Occasionally AdventureMan will read a post and remember our experience differently. This is the last time we ate in a restaurant, although I maintain we were not IN the restaurant, and AdventureMan maintains we had to walk through the (admittedly, very crowded) restaurant to get to the outdoor, screened deck, and that the servers did not wear masks, even though we did.

You know how you can tell how other people are thinking by how they look at you. Most of the camouflage-dressed hunters and local people crowded in the waiting area to have an indoor table found our mask wearing somewhere between amusing and incomprehensible.

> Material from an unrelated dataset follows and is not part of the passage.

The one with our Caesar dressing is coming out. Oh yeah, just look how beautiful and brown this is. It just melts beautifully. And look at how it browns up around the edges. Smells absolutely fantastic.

AdventureMan reminds me how the unmasked server got right up next to me to point out something on the menu (I didn’t notice and it didn’t bother me). While we were waiting for our food, a couple other couples joined us, socially distanced, on the outdoor deck. Inside the restaurant, there was an open salad bar and tables packed closely together, and lots of happy chatting going on table to table; they all seemed to know each other and this was a local gathering place.



I was delighted the server told me that I could have my oysters grilled, as opposed to deep fried, so I ordered them with cheese grits and steamed vegetables. The oysters were OK. I ate a bite of the grits, and most of the vegetables. The hush puppies were delicious. I envied AdventureMan his meal.

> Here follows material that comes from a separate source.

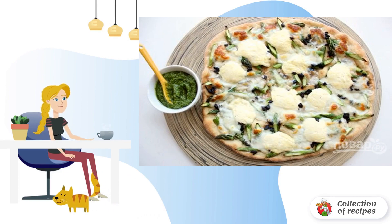Step 5: After that, lay out the slices of mozzarella, part of the ricotta, and distribute the olives if using. Put the pizza back in the oven and bake until browned for 5–8 minutes.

Below is AdventureMan’s fried oysters, fried okra, fried onion rings and fried hushpuppies. It all looked so good, and being a generous hearted man, he shared one of the fried oysters with me. Mine didn’t take up much room on my plate . . . Fried food, when done right, just looks so appetizing . . .

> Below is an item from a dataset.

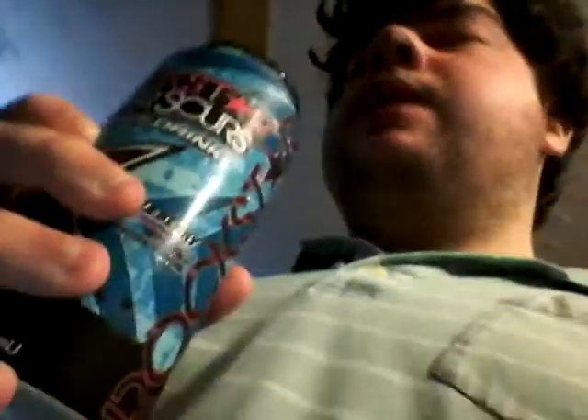It's good. It tastes sort of like blueberry and cotton candy and bubblegum. Tastes pretty good.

When we left, it was even more crowded than when we arrived.
Pilgrimage to St. George Island from Apalachicola

A very short drive from Apalachicola, but a whole different world. Cross two amazing bridges/causeways which are an adventure in themselves, so beautiful, so wonderfully engineered. We are always in awe of what it takes to connect dry land over a lot of water, and how really smart people can also figure out how to generate electricity, maintain the equipment, and bring it to far flung locations.



Coming into St. Georges
We drove all through St. Georges; we stayed her once when our son was a student at FSU but it all looks entirely different now. Finally, we get to our favorite part, the beach at the far eastern end of the island. You can park and walk even further east, or west, or whatever you like. There are few people there on this sunny cool day, and it is a glorious day for a long walk.



Day tripper friendly



Shell heaven! Piles of shells everywhere!


Wind patterns on the sand

What is the beach without some surf?

Surf, sand, shells and sun; we are as happy as we can be. No masks on the beach, no need, few people and far apart. It is a glorious day.

More wind/sand patterns because I am a dork who cares about these things . . .
This was a great part of our get-away.
Hamaknockers and We Exercise Bad Judgement
Have you ever noticed bad judgement happens in bunches? Like you can be really good for a long long time and once you let loose, even just a little, your self-discipline just goes to hell?
It’s all Hamaknocker’s fault.

So for the third time, we are choosing to eat inside a restaurant where not everybody is wearing masks, and how can you wear a mask while you are eating? We do manage to sit apart from the other customers dining in.



Now . . . more bad judgement.
We ordered platters. I ordered the chicken, and it was a lot. I also ordered applesauce, because I don’t see that on the menu often, and it was really, really delicious. I think it must have had a LOT of sugar in it.

AdventureMan ordered the pork, and there was a lot of pork, too.

So this was the really really bad part. We had a refrigerator back at our hotel, and it is a cold day. We COULD safely take extra food back to the hotel and enjoy it later.
We did not.
We ate the whole thing.
Hamaknockers is what we call Michelin Red R cuisine – really good local food at reasonable prices.